I agree with Joe's comments below except for the use of detergent. Sometimes
you need a detergent to get the sizing and stiffness out of new cloth. I
generally wash the cloth first in the washer with detergent and then twice
more with water only. The dryer is not a good place to dry the cloth since
it often has a softening affect on the cloth--both chemical and natural.
Letting it air dry keeps out any chemical residue and keeps the fabric stiff
which makes it easier to lay flat.

One note on fabric is it should be 100% natural. Both cotton and silk work
great. I often use bed sheets since they are easy to find and relatively
cheap.

Ideally you would always soak the cloth to coat since this produces the most
even application, but this is not always practical when you want something
large so cheap foam brushes or even rollers work fine for application.
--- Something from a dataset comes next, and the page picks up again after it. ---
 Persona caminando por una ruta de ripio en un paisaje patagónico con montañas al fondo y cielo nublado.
The process is surprisingly simple once you clunk you way through how to
hang a 5x5 foot piece of coated cloth to dry and learn to live with the
subsequent stains from drips :-)

Mark

-----Original Message-----
From: Joe Smigiel [mailto:jsmigiel@kvcc.edu]
Sent: Monday, June 13, 2005 10:27 PM
To: alt-photo-process-l@sask.usask.ca
Subject: Re: VDB/Kallitype/Cyanotype on fabric?

Sandy,

You may want to check
http://blueprintables.com

Barbara Hewitt who wrote "Blueprints on Fabric" sold the business about
a year or two ago but it appears her book is still available through the
new owners. I used her precoated fabric and paper when I taught at an
art camp for visually-impaired kids a few years back. The cyanotype
fabric (and paper) is available precoated on several different colors
and types of material. It worked well with no muss, no fuss.
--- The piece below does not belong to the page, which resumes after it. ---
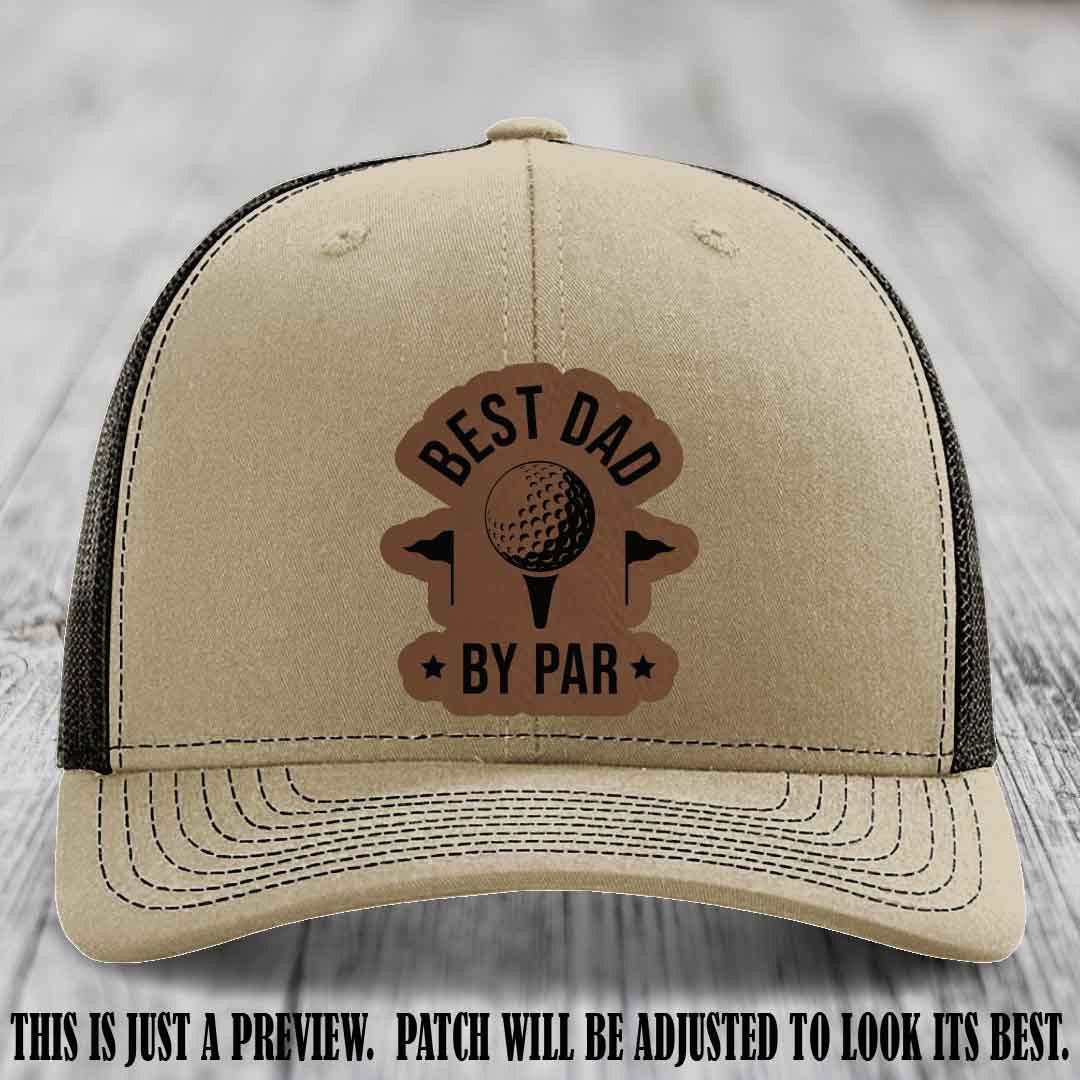 Best Dad By Par ποΈββοΈ Dark Brown to Black Patch on Khaki to Coffee Hat - Custom Richardson 112 Hat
I've also prepared my own cyanotype fabric on muslin up to 9' square and
much smaller with VDB. The only real difference I found practically
between fabric and paper is that the former is a bit messier and tends
to print lower contrast due to the surface roughness. Probably needs a
bit extra exposure too.

I always took care to wash the sizing out of the fabric and I also
acidified the cyanotype fabric with a little citric acid before coating
the emulsion on it, but otherwise it was very similar to printing on a
paper substrate. (Avoid detergent when doing the wash to remove the
sizing since the alkalinity is bad for cyanotypes.) Once the sizing was
washed out, I dried the fabric, ironed it in some cases to remove
wrinkles if I was printing negatives on small sheets, and then coated it
with emulsion either by immersion or with a foam brush. It saturates
the fabric and uses much more solution than paper so be sure to have a
barrier down on whatever surface you use to coat the fabric upon. The
emulsion will also migrate due to gravity if you hang the fabric to dry.
 I periodically rotated the large sheets to minimize this effect.

Just as with paper, expose to the point of solarization with cyanotype.
For cyanotypes I washed the images in a weak citric acid bath several
times and then did the peroxide in water final rinse.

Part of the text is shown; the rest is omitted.